From 26ddfa299cc2835ab5ac9d0e6f3ddba3b85e5db0 Mon Sep 17 00:00:00 2001
From: i-yuanyukun <i-yuanyukun@stepfun.com>
Date: Thu, 18 Dec 2025 17:02:39 +0800
Subject: [PATCH] [Chore] remove duplicate code

---
 vllm/v1/worker/gpu_model_runner.py | 56 ------------------------------
 1 file changed, 56 deletions(-)

diff --git a/vllm/v1/worker/gpu_model_runner.py b/vllm/v1/worker/gpu_model_runner.py
index a09f292d98e14..2409c9071f94b 100644
--- a/vllm/v1/worker/gpu_model_runner.py
+++ b/vllm/v1/worker/gpu_model_runner.py
@@ -642,25 +642,6 @@ class GPUModelRunner(
             with_stack=False,
         )
 
-        profile_dir = (
-            "./profiler_logs/attn"
-            if self.afd_config is not None and self.afd_config.afd_role == "attention"
-            else "./profiler_logs/normal"
-        )
-        self.profiler = torch.profiler.profile(
-            activities=[
-                torch.profiler.ProfilerActivity.CPU,
-                torch.profiler.ProfilerActivity.CUDA,
-            ],
-            schedule=torch.profiler.schedule(
-                wait=6000 + 4000, warmup=1, active=30, repeat=1
-            ),
-            on_trace_ready=torch.profiler.tensorboard_trace_handler(profile_dir),
-            record_shapes=True,
-            profile_memory=False,
-            with_stack=False,
-        )
-
     def reset_mm_cache(self) -> None:
         if self.mm_budget:
             self.mm_budget.reset_cache()

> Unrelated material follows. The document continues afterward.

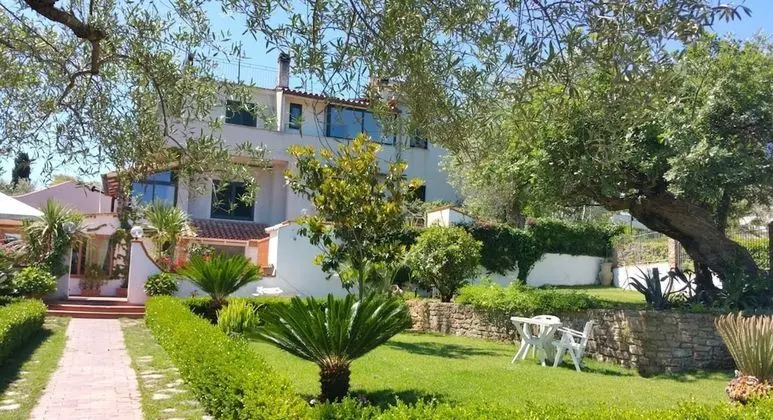 La Capannina Cilento - Dış Mekan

@@ -2988,38 +2969,6 @@ class GPUModelRunner(
             )
         return afd_metadata
 
-    def _build_afd_metadata(
-        self, ubatch_slices: UBatchSlices | None, num_tokens_unpadded: int
-    ):
-        afd_metadata = None
-        if self.afd_config:
-            # For prefill, compute tokens per stage based on actual token
-            # counts
-            afd_tokens_start_loc = [0]
-            afd_tokens_lens = []
-            if ubatch_slices and len(ubatch_slices) > 1:
-                afd_tokens_start_loc = [ub.token_slice.start for ub in ubatch_slices]
-                afd_reqs_start_loc = [ub.request_slice.start for ub in ubatch_slices]

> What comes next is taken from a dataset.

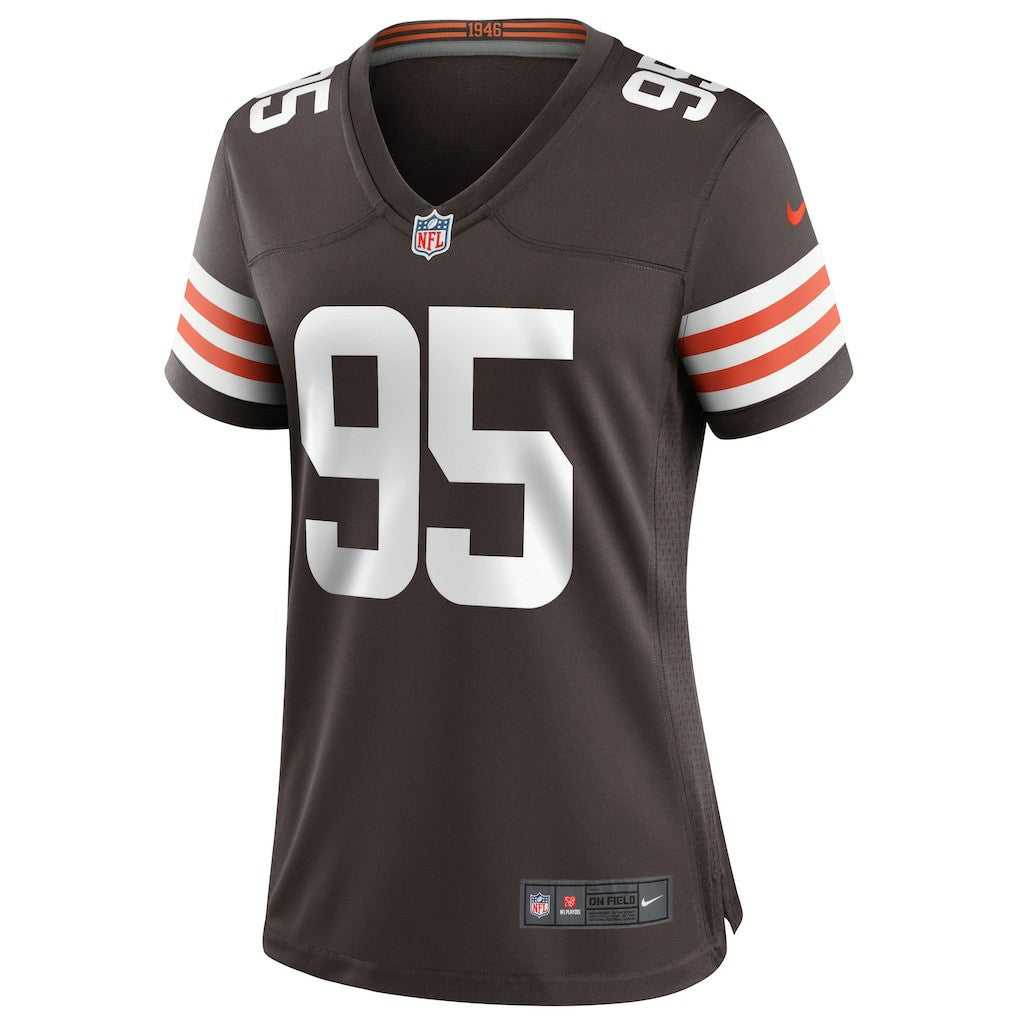 Cleveland Browns Myles Garrett  Women's Player Game Jersey | NFL Online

-                logger.info(
-                    f"afd_tokens_start_loc: {afd_tokens_start_loc} "
-                    f"afd_reqs_start_loc: {afd_reqs_start_loc} "

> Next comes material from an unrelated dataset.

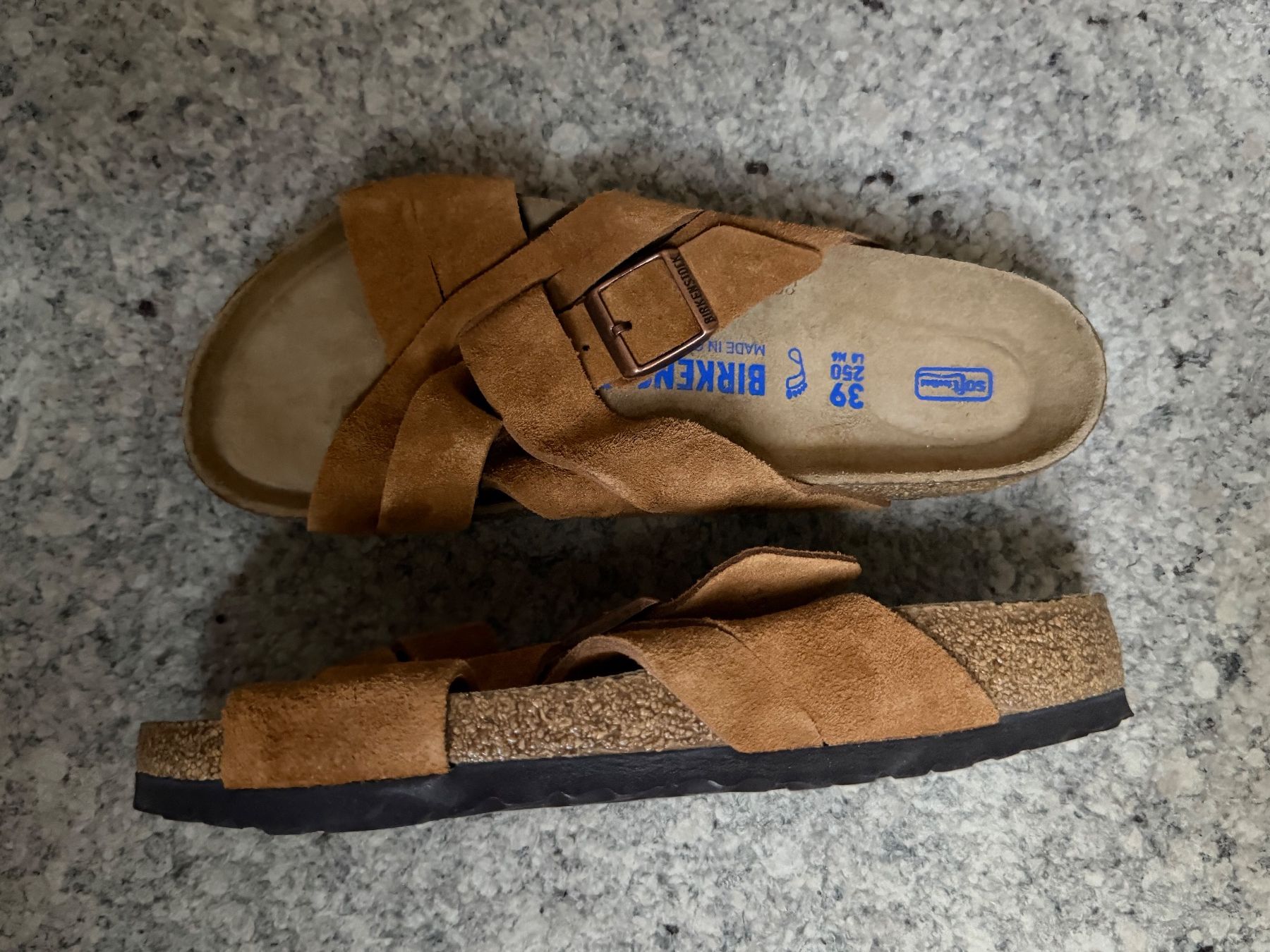 Birkenstock Scarpe da donna: Birkenstock Gr. 39 – Nuovo (secondo la descrizione) da Wattwil venduto da edel88 2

-                    f"ubatch_slices: {ubatch_slices}"
-                )
-                afd_tokens_lens = [ub.num_tokens for ub in ubatch_slices]
-            else:
-                afd_tokens_start_loc = [0]
-                afd_reqs_start_loc = [0]
-                afd_tokens_lens = [num_tokens_unpadded]
-            afd_metadata = AFDMetadata(
-                afd_tokens_start_loc=afd_tokens_start_loc,
-                afd_reqs_start_loc=afd_reqs_start_loc,
-                afd_stage_idx=0,
-                afd_connector=self.afd_connector,
-                afd_tokens_lens=afd_tokens_lens,
-                num_of_stages=len(ubatch_slices) if ubatch_slices else 1,
-            )
-        return afd_metadata
-
     @torch.inference_mode()
     def execute_model(
         self,
@@ -5573,11 +5522,6 @@ class GPUModelRunner(
         if hasattr(self, "afd_connector") and self.afd_connector:
             self.afd_connector.init_afd_connector()
 
-    def initialize_afd_connector(self) -> None:
-        """Initialize AFD connector if available."""
-        if hasattr(self, "afd_connector") and self.afd_connector:
-            self.afd_connector.init_afd_connector()
-
     def may_add_encoder_only_layers_to_kv_cache_config(self) -> None:
         """
         Add encoder-only layers to the KV cache config.